Fiz a proposta de venda do Fusca para a Talita. Ela me mandou uma carta aceitando minha proposta. Por uma situação imprevista, como greve nos correios, eu deverei comunicá-la tão logo quanto possível que houve atraso na minha ciência da aceitação dela.

Segundo caso de eficácia da aceitação: quando corresponde a uma adesão integral à proposta, sem modificações. Obviamente, se aceitou dentro do caso proposto, tudo bem. Se uma parte quiser modificar algo, há uma contraproposta, uma nova proposta. Isso não será aceitação.

Quando a aceitação não gera o aperfeiçoamento? Mesmo se for expedida dentro do prazo, se aceitação chegar tardiamente ao conhecimento do proponente, este estará liberado.

 

Teorias da aceitação

Primeira: teoria da cognição (da aceitação): O contrato só se perfaz (se forma) com o conhecimento do proponente da aceitação. Essa teoria não é muito usada. Não interessa como se tomou conhecimento, e isso gera muita controvérsia.

Teoria da agnição (declaração): se subdivide em três subteorias: a primeira fala que o contrato se forma quando o aceitante declara, quando ele redige a aceitação. Basta escrever. Essa teoria não é aceita. Basta exteriorizar a vontade. Não tem eficácia nenhuma, pois o aceitante pode jogar o papel contendo a declaração fora. Subteoria da expedição: é o momento em que apertei o botão send/enter/entreguei para o correio. É aqui que passa a existir o contrato. E a subteoria da recepção: o contrato se perfaz quando o proponente recebe a aceitação.

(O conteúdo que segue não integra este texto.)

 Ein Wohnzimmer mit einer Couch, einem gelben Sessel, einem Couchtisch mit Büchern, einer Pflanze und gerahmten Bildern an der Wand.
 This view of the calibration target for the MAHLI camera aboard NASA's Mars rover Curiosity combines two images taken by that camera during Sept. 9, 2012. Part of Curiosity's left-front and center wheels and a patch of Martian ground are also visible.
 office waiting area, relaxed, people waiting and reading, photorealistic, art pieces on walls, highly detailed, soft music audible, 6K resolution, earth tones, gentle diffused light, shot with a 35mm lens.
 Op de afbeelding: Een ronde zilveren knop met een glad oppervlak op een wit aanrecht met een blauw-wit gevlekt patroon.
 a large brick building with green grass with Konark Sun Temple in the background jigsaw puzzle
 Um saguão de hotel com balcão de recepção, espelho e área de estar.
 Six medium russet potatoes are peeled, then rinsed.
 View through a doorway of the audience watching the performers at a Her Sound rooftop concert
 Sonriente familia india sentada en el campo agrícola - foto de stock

Qual é a aceita? Veja o art. 434:

Os contratos entre ausentes tornam-se perfeitos desde que a aceitação é expedida, exceto:

        I – no caso do artigo antecedente;

        II – se o proponente se houver comprometido a esperar resposta;

        III – se ela não chegar no prazo convencionado.

Viu o caput? Aqui vale a teoria da expedição.

 

Lugar em que se reputa celebrado o contrato

Qual será o foro para se resolver quaisquer questões jurídicas? Art. 435: “Reputar-se-á celebrado o contrato no lugar em que foi proposto.” Onde foi proposto, portanto. Peguei o telefone, liguei para a Talita no Maranhão, e falei do meu Fusca que está no Rio, pronto para ser vendido. Qual será o foro? Brasília, que é onde foi proposto. Só tem essa solução? Não, as partes podem convencionar de forma diversa.

Mas veja a Lei de Introdução ao Código Civil, art. 9º: “Para qualificar e reger as obrigações, aplicar-se-á a lei do país em que se constituírem.

§ 1º  Destinando-se a obrigação a ser executada no Brasil e dependendo de forma essencial, será esta observada, admitidas as peculiaridades da lei estrangeira quanto aos requisitos extrínsecos do ato.

§ 2º  A obrigação resultante do contrato reputa-se constituída no lugar em que residir o proponente.”.

O artigo fala no local de residência do proponente. A LICC vale para contratos internacionais.

E se o contrato depende de instrumento público, como contrato versando sobre bem imóvel? Então o foro será do local do imóvel, claro.

E contrato sobre herança de pessoa viva? Pacta corvina. É o art. 426: “Não pode ser objeto de contrato a herança de pessoa viva.” É um contrato nulo. “Talita, sabe o Fusca da vovó? Ela tá quase morrendo, e ele será meu em breve. Quer comprar?” Não pode. Esse termo aparece em concursos.